営業経過及び成果

首都圏マンション市場におきましては、高層マンションを中心に着工件数は依然として高い水準を維持しておりますが、販売価格の先高感から、分譲会社は売り急がない姿勢をみせており、平成18年の年間販売戸数は8年ぶりに8万戸を下回りました。また、都心部における地価高騰を受け、開発エリアを郊外へとシフトする動きが顕著になっております。当社グループの主要事業領域である資産運用型分譲マンション市場は、安定したインカムゲインが期待できる金融商品としての認知度の定着や、少人数世帯による職住近接を目的とした都心指向などを背景に好調な需要を持続しております。

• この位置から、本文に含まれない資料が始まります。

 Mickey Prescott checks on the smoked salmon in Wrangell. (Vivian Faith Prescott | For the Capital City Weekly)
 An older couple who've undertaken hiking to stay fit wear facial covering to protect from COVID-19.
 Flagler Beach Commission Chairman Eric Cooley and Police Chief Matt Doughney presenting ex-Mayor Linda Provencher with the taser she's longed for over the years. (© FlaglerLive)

このような経営環境のもと、当社グループは、首都圏において、資産運用として多彩なメリットを提供する「ガーラマンションシリーズ」の開発・販売の拡大、顧客サポート体制の充実、ブランド力の強化を図るとともに、中古マンション売買の拡充、ファミリーマンションの開発・販売にも積極的に取り組み、グループ企業価値の向上に全力を尽くしてまいりました。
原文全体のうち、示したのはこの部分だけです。